# cory care



## j-man the skater-man (Apr 4, 2005)

these are sorta general questions but i figure that i am starting my tank with corys so...

how can i get the pH to 7-ish for my corys that is natural and quick?
do you think corys should count on the 1 inch per gallon rule?
are all the temp, ph, est. pretty much the same for all corys?
do corys like slower moving waters?
how can you tell a male from female cory? (i hope to breed them one day)
will species interbreed?
do corys like low light cause some fish i want like low light?
will cherry shrimp and corys interfer with one another?
will they eat brine shrimp?
does anyone on the coast of north carolina know where to get mylasian trumpet snails? (geting cause i have sand for the corys)
when corys swim on stuff and look like they are sucking on the plants what are they really doing?
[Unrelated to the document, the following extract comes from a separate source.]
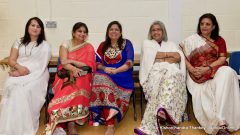 Sharad Purnima - 11 - 20171007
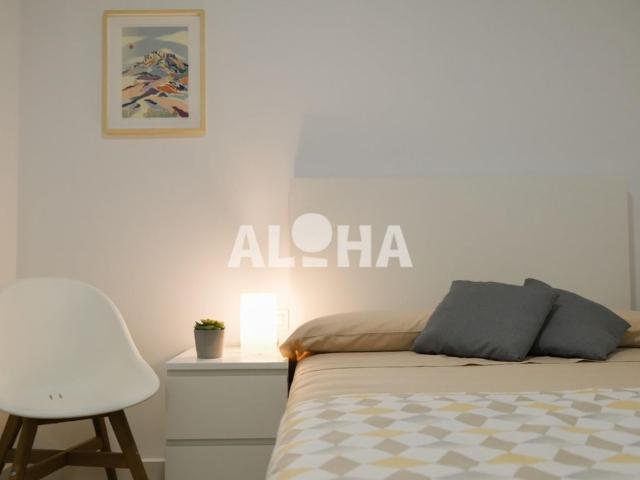 Apartamento en Alfara del Pariarca, Alfara del Patriarca – A0506 H13 4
IF FISH ARE BORN IN AN AQUARIUM THEN THEIR NATURAL HABITAT IS A AQUARIUM RIGHT???
SO WHY DO YOU NEED TO MIMIC THE FISHS NATURAL HABITAT???


----------



## sumpthinfishy (Jan 21, 2005)

I'll try to answer some of your questions. Fishnut2 would be more knowledgeable, but I'll see what I can do.

First, what is your pH? It's generally better to acclimate the fish to your existing water conditions. Adding chemicals to the water is best avoided if possible as it's difficult to maintain and who needs to buy more stuff?

My pH is actually pretty high and my cories do very well, spawning on a pretty regular basis.

I don't know this for sure, but seems they wouldn't want a river. Most tanks aren't going to present a problem, I'd think.

Males tend to be smaller and less "plump". Generally pretty hard to sex them. If you want to breed them, it's a good idea to have 3 males to 1 female. 

I don't know about light. But I don't think any fish likes total blinding light. They rely on smell for food more than sight, so I don't think they'd object to a lower light tank.

I'm unfamiliar with shrimp in aquariums. Would think they should be fine, but researching it is always a good idea.

MTS should be pretty easy to get most anywhere. Some lfs give them away. Check aquabid or do a search on Google for snails and there are many places to buy them online.

What you see corys doing when they look to be sucking on plants, they are looking for food. Generally their little mouths and whiskers are always in motion.

Hope this helps.

Check out www.planetcatfish.com for good info on all sorts of cories with lots of pictures for identifying them.


----------



## Damon (Jan 18, 2005)

Acclimate your fish to your water, not the other way around for most aquarium fish.
Yes and no.  While they take up space, they are not huge waste produces and do keep the aquarium clean.
No. While they perfer softer waters, some perfer cooler temps than others
Water flo varies to my knowledge.
Females are more rounded and usually bigger when mature than males.
Not sure if they will breed or not. Ask Fishnut2
They like standard aquarium lighting.
Cherries and cories get along fine together. No problems even with the babies.
Yes they will eat most aquarium foods.


FIshnut is the resident cory person. He can give you more difinitive answers.


----------